Aline Brillu - 2/06/2017

Attaque WannaCry, et après ?

Le vendredi 12 mai débutait une cyberattaque d'ampleur mondiale qui a perturbé des milliers d'entreprises sur toute la planète. Cette vague sans précédent a été scrutée de près par les deux Laboratoires de Haute Sécurité d'Inria. Jean-Louis Lanet, responsable du LHS de Rennes et membre de l'équipe TAMIS et Frédéric Beck, ingénieur de recherche au service d'expérimentation et de développement d'Inria Nancy et responsable technique du LHS lorrain nous livrent leur éclairage.

Pouvez-vous nous présenter le rançongiciel WannaCry ?

Jean-Louis Lanet

Jean-Louis Lanet : Le malware WannaCry est un rançongiciel très classique qui consiste à « prendre en otage » l'accès à un système d'exploitation à un navigateur ou à votre disque dur jusqu'au versement d'une rançon. Les ransomware n'ont rien d'un phénomène nouveau puisque le premier du genre – le Trojan AIDS - daterait de 1989 mais le phénomène a explosé avec les progrès du chiffrement et le développement des monnaies alternatives de type Bitcoin. Aujourd'hui il est très facile et très rentable de lancer une attaque de ce type et la probabilité d'être pris sur le fait est proche de zéro.

Frédéric Beck : L'attaque WannaCry n'est pas particulièrement sophistiquée.

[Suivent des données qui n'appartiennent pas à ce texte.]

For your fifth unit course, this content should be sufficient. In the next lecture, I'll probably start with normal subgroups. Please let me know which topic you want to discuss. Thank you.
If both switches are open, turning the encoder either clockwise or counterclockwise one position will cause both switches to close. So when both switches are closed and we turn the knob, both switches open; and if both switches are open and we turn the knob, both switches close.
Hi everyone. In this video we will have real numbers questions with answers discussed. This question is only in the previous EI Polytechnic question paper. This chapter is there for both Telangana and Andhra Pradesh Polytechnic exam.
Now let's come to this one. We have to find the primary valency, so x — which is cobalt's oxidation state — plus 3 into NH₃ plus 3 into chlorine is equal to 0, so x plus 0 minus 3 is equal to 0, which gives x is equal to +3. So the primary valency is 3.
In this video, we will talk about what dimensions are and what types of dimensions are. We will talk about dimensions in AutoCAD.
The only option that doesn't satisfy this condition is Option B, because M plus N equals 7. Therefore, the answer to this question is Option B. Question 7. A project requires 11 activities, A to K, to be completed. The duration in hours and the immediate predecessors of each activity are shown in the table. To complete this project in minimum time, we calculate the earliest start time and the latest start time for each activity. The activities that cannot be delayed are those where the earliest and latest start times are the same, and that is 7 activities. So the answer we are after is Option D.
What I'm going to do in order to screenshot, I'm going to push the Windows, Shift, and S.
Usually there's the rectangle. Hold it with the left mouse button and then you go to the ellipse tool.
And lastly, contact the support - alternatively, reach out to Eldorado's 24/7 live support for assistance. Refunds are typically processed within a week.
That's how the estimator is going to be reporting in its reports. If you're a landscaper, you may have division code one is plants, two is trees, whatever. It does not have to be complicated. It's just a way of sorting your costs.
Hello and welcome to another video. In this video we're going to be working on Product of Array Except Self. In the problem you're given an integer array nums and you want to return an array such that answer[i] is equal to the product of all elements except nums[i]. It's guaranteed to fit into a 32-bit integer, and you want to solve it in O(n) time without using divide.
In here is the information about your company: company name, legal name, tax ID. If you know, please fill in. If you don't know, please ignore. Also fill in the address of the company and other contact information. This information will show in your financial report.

C'est une recette qui repose sur trois ingrédients. Le premier c'est Eternal Blue, un outil « volé » à la NSA qui exploite une faille dans un vieux protocole de Windows  utilisé pour le partage de fichier. Le deuxième composant c'est la  « backdoor  » Double Pulsar qui, comme son nom l'indique fonctionne comme une porte dérobée. Enfin, il y a le malware en lui-même qui se sert d'Eternal Blue pour entrer dans votre système et de Double Pulsar pour y rester le temps qu'il le souhaite… Rien de bien compliqué !

WannaCry a, semble-t-il, fait beaucoup de victimes… Aujourd'hui quel est le bilan ?

F.B. : On parle de 200 000 machines infectées dans 150 pays. C'est donc une attaque de grande ampleur, ce qui lui a valu cette médiatisation sans précédent. Le butin, lui, apparaît modeste en comparaison, s'élevant aux alentours de 100 000 $ au total, à raison de 0,14 bitcoin (300$) par rançon versée.

J.-L.L : Dans cette affaire le plus inquiétant c'est la facilité avec laquelle le malware a été propagé alors que des précautions élémentaires - des systèmes d’exploitation et des logiciels à jour, une solution de sécurité fiable et des sauvegardes régulières – auraient suffi à le tenir à distance. L'étendue des dégâts en dit long sur le niveau de conscience actuel…

On a vu que de très grosses organisations étaient touchées, ce type d'attaque peut-il mettre en danger la sécurité des nations ?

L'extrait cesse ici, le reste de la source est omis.